Each function call in R requires searching through its environment to find the function source code, registering the accompanying parameter inputs, evaluating data structure of handled object, and data type before passing it to C or Fortran. This "translation" is the root cause of slow R code. What aggravates this situation is that R objects are mostly immutable: R objects cannot be changed once created. There are good reasons - resilience of data being one - for such a choice. But this choice forces R to create new environment and new objects whenever changes are made to an object.

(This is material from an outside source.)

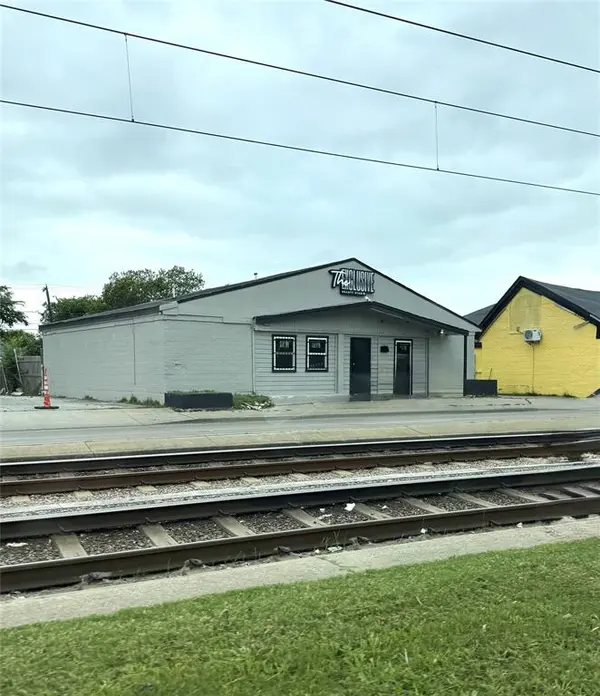 2915 S Lancaster Road, Dallas, TX 75216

Take the first case, for example. What is this code doing? This code forces R to constantly "change" objects. In fact, it does so 1000000 times. Every single time, R has to create new environments and figure out data types etc. What about the second case? In this case, R needs to only change this object once. That is, it knows the resulting object's general size will be the same length as the original object even without doing all 1000000 calculations, it needs to create only one additional object and environment, and also can figure out the data types of all elements it will encounter for the entire period. Thus R overhead is significantly lower for the second operation.
This concept is known as vectorization, and is incredibly important concept in R.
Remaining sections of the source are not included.